Quando contactamos André Magalhães para lhe perguntar que projectos de street food acha mais interessantes, ele responde imediatamente que o sítio que prefere em Lisboa para esse tipo de comida é a Feira do Relógio, que acontece todos os domingos de manhã na zona de Chelas e Marvila. Entre as tendas (bancadas de madeira com uma cobertura de pano e o apoio de um camião) que vendem roupa, sapatos, perfumes, objectos de cozinha e mil outras coisas, há um espaço enorme dedicado à comida.
Vende-se fruta, legumes, queijos, pão, enchidos, há bancas mais exóticas com produtos usados na culinária africana, por exemplo, e outras mais tradicionais. E, ao lado, há grandes roulottes onde em alguns casos até três ou quatro pessoas cozinham bifanas, hambúrgueres, as célebres sandes de couratos (pele do porco) ou os brasileiros pastéis de vento.
A nova onda de street food, diz André Magalhães, “quer mostrar que está a inovar, mas está apenas a copiar uma tendência internacional que começou nos Estados Unidos”. Além disso, prossegue, a comida de rua não tem que ser motorizada. “É uma tradição milenar no Oriente. E não é necessariamente uma coisa motorizada, geralmente é uma pessoa sozinha, sentada num sítio fixo, a cozinhar.”

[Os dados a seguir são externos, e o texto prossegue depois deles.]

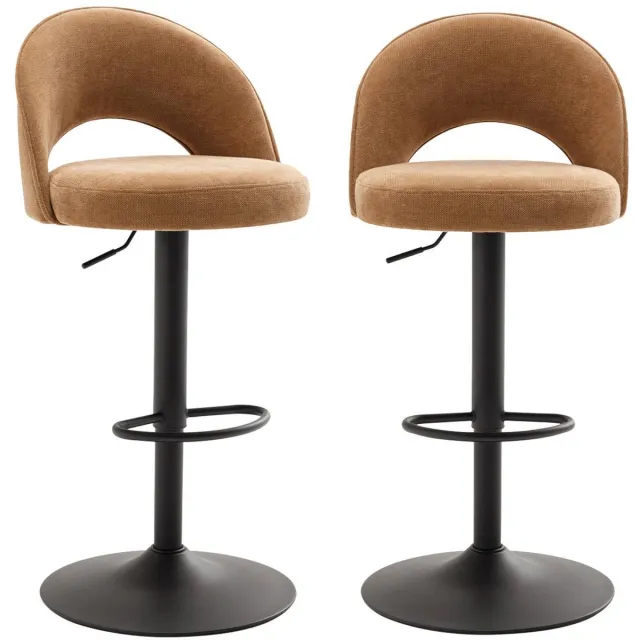 sweeek Set van twee verstelbare barstoelen van stof, metalen zwarte basis - abby
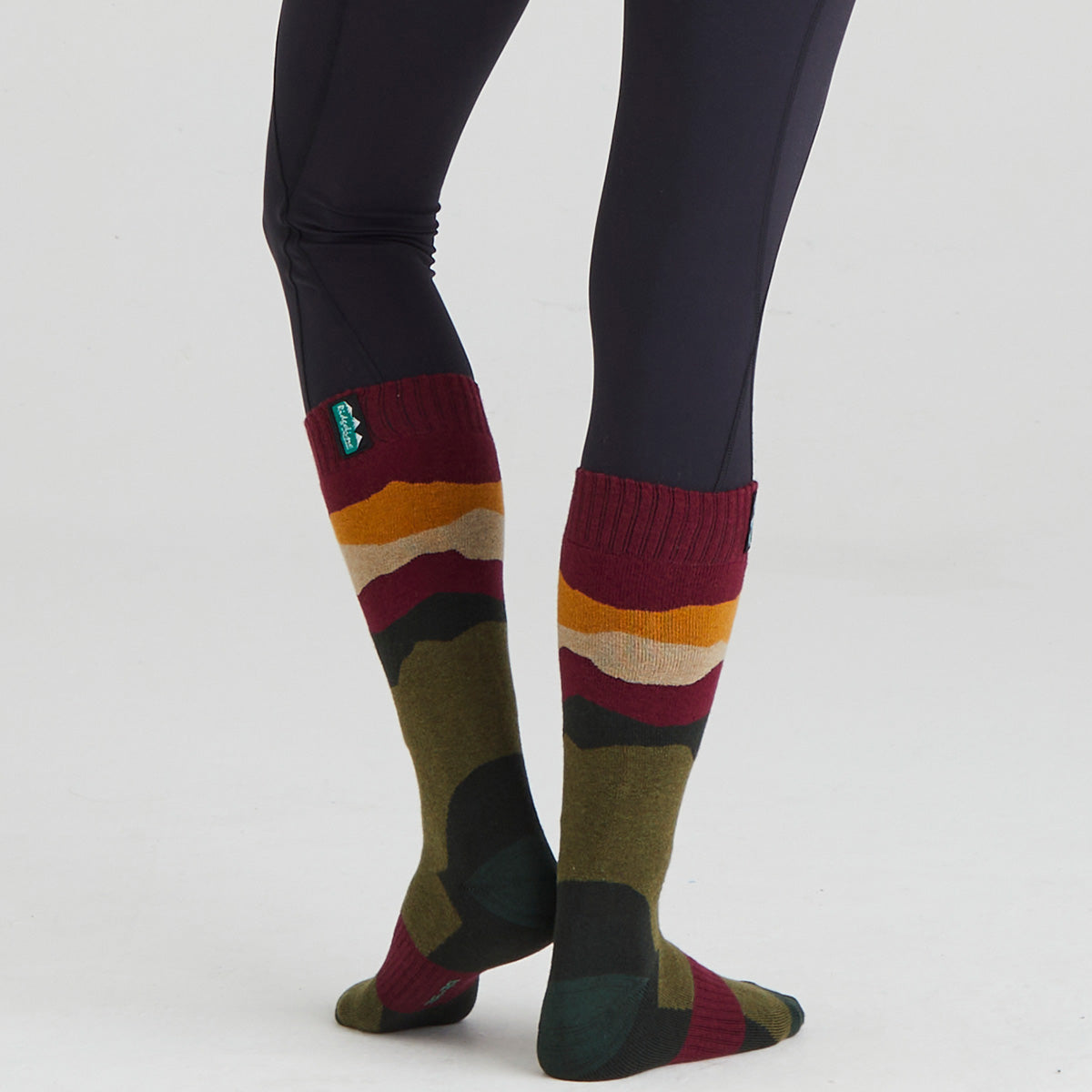 Merino Wool Socks Full Length - Berry Stripe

Já em Portugal, continua André Magalhães, “há uma tradição muito grande de comida de feira, nas romarias sempre tivemos os fogareiros ou, mais tarde, um bico de gás para pôr a panela com a feijoada ou o rancho, uma grelha para fazer febras na brasa ou, como se faz no Algarve, ovas de polvo”. Recorda, entre outros exemplos, “o famoso polvo à feira, temperado com pimentão-doce e cortado às rodelas com uma tesoura, tradicional nas festas galegas”.
Pode haver projectos interessantes no novo movimento de street food, admite o dono da Taberna, mas não concorda que se estabeleça uma fronteira entre as tradicionais roulottes de bifanas, couratos ou farturas e as novas de hambúrgueres e hot dogs. Critica, aliás, “a preguiça enorme e a criatividade zero” de alguns dos novos projectos, que “se limitam a copiar conceitos que viram noutros países” quando em Portugal “existe um receituário mais interessante de comida de rua” que não está a ser explorado.

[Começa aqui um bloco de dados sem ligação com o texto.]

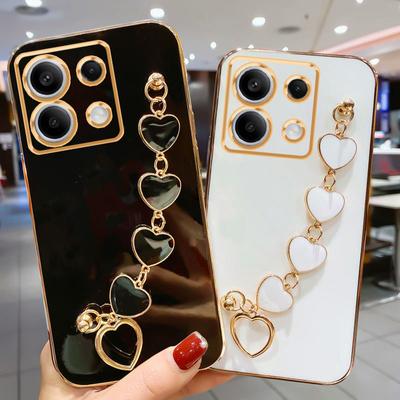 Per Xiaomi Redmi Note 13 Pro 4G Plus 5G Custodia con catena a forma di cuore con placcatura di lusso per Mi Poco X6 M6 Note13 13pro Band Cover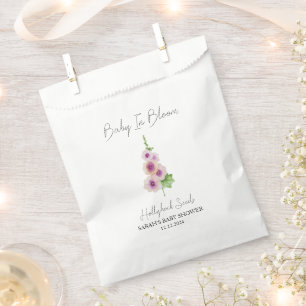 Baby in Bloom l Hollyhock Seeds Baby Dusche Geschenktütchen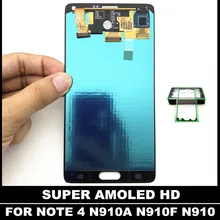 Замена lcd s для samsung Galaxy Note 4 N910 N910A N910F Note4 AMOLED lcd дисплей сенсорный дигитайзер экран сборка наклейка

Esta explosão de interesse a que assistimos hoje tem muito a ver com a influência da comida de rua mexicana nos EUA, sobretudo através da Califórnia, que acabou por entusiasmar alguns chefs que, não tendo dinheiro para abrir um restaurante, apostaram numa cozinha motorizada, explica. Depois, o fenómeno foi-se espalhando e hoje é um negócio em crescimento.